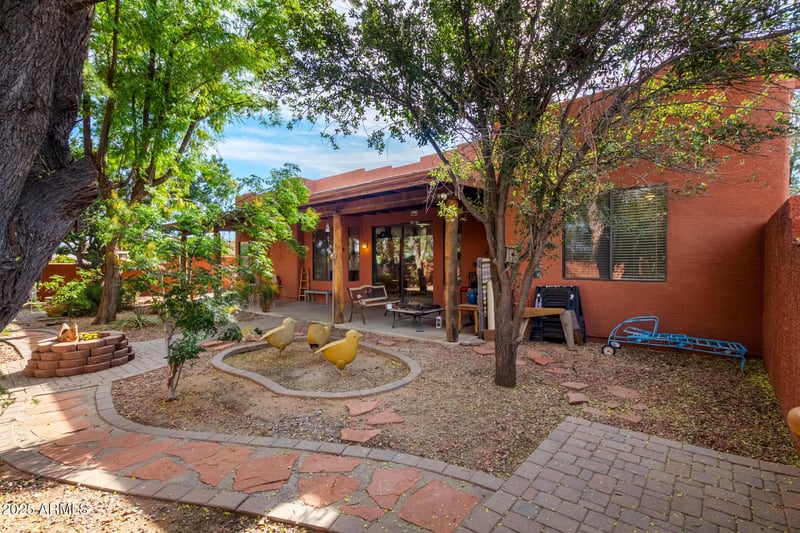 27324 219th Ave, Wittmann, AZ 85361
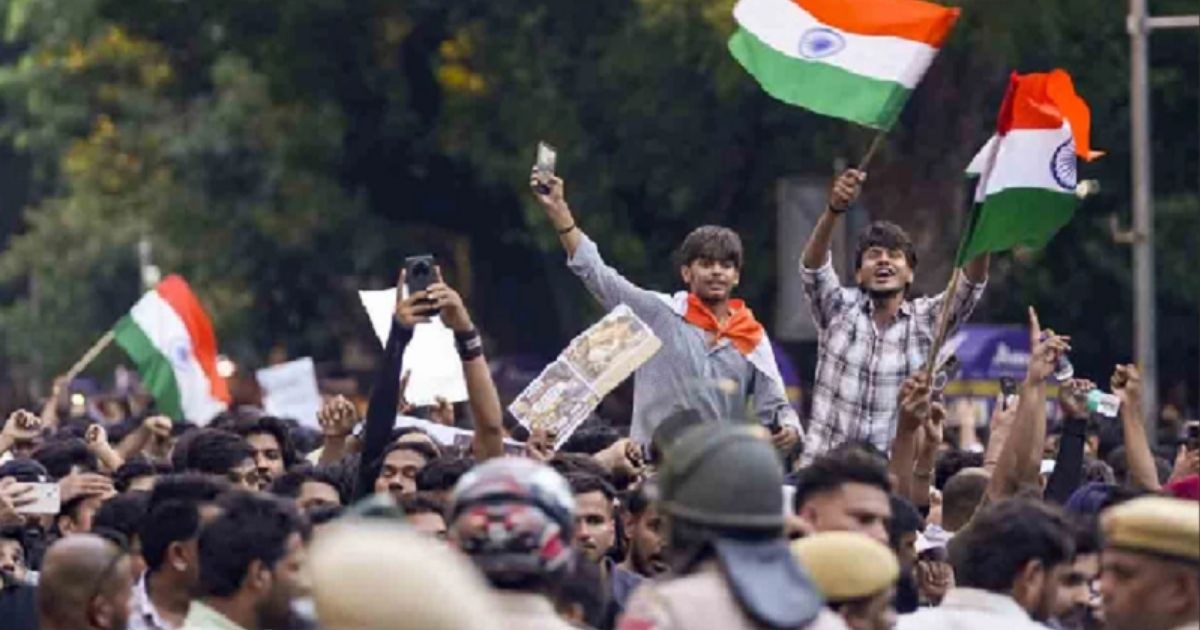 মোদি সরকারের সঙ্গে বৈঠকে বসতে যাচ্ছে ককরোচ পার্টি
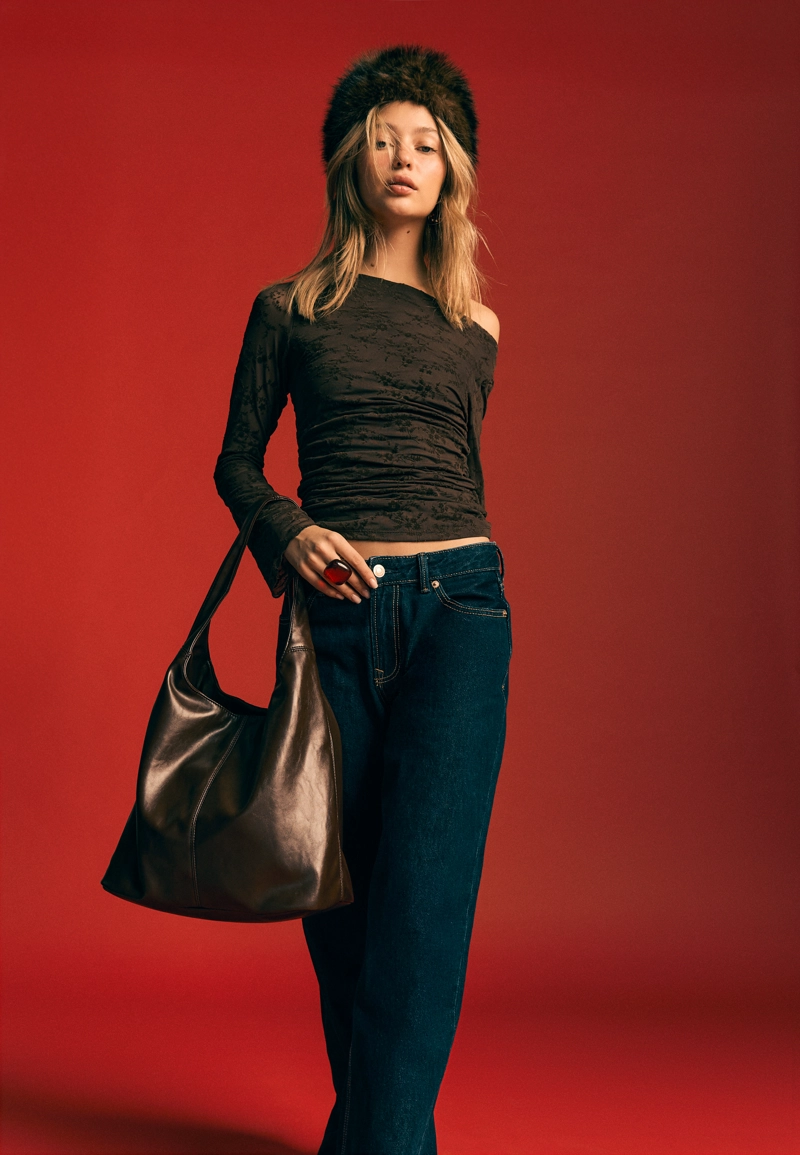 Сумка на плечо на молнии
______________________________
## WHAT THE TASK ASKS:
Beginning with the line that bears "মোদি সরকারের সঙ্গে", output each line through the last line of the listing exactly, and no others; skip the pictures.

## COMPLETED TASK:
 মোদি সরকারের সঙ্গে বৈঠকে বসতে যাচ্ছে ককরোচ পার্টি
 Сумка на плечо на молнии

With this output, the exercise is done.